Brief: For the string "online", search the entries below and copy every line where it appears.

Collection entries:
== Segment start ==
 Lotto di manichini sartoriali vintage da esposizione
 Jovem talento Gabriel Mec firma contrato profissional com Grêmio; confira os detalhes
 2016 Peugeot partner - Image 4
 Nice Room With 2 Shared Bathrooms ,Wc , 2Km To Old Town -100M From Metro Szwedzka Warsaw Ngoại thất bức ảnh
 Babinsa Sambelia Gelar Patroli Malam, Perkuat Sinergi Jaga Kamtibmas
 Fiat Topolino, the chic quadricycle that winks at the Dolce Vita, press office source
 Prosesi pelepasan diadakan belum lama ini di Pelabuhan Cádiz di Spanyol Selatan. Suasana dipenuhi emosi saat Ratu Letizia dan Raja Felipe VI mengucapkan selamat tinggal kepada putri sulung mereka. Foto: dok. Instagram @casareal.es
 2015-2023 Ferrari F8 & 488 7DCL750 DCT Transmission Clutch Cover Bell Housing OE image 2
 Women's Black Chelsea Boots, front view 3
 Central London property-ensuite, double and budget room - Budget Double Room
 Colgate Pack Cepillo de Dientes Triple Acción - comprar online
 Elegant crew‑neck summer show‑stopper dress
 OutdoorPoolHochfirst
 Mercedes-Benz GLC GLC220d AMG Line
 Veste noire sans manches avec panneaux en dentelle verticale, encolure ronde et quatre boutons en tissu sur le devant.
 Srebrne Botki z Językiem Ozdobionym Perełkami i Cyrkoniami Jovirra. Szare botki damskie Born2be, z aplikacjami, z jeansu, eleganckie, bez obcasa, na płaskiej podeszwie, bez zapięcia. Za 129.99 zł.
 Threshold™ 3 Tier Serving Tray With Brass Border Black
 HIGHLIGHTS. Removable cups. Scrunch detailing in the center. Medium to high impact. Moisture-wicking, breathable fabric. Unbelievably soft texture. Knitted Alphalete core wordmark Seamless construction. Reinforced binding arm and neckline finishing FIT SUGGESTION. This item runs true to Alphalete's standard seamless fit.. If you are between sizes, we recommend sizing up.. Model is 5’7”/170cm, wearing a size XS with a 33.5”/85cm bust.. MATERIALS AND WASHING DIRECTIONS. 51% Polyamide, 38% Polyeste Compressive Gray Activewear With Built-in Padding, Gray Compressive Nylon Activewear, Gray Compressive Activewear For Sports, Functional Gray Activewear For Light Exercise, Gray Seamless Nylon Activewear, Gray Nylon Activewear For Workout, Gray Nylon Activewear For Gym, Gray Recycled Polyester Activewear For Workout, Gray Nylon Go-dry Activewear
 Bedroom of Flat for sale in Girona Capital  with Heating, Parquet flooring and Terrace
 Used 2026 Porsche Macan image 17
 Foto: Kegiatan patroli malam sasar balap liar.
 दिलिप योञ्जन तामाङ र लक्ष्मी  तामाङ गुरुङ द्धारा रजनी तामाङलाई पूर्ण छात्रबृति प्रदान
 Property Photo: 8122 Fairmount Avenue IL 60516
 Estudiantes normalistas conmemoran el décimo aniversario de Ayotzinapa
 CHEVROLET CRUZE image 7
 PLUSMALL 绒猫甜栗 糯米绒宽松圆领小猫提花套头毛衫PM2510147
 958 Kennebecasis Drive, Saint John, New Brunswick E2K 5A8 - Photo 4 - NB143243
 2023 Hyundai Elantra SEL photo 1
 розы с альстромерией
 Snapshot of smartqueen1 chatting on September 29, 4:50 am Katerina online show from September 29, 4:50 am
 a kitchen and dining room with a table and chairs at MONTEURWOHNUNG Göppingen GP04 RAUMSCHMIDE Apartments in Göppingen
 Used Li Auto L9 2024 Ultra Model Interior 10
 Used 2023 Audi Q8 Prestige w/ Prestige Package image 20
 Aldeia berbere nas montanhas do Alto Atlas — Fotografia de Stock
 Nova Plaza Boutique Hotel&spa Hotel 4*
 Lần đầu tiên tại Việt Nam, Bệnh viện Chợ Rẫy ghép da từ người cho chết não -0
== Segment end ==
Response for this exercise:
 Colgate Pack Cepillo de Dientes Triple Acción - comprar online
 Snapshot of smartqueen1 chatting on September 29, 4:50 am Katerina online show from September 29, 4:50 am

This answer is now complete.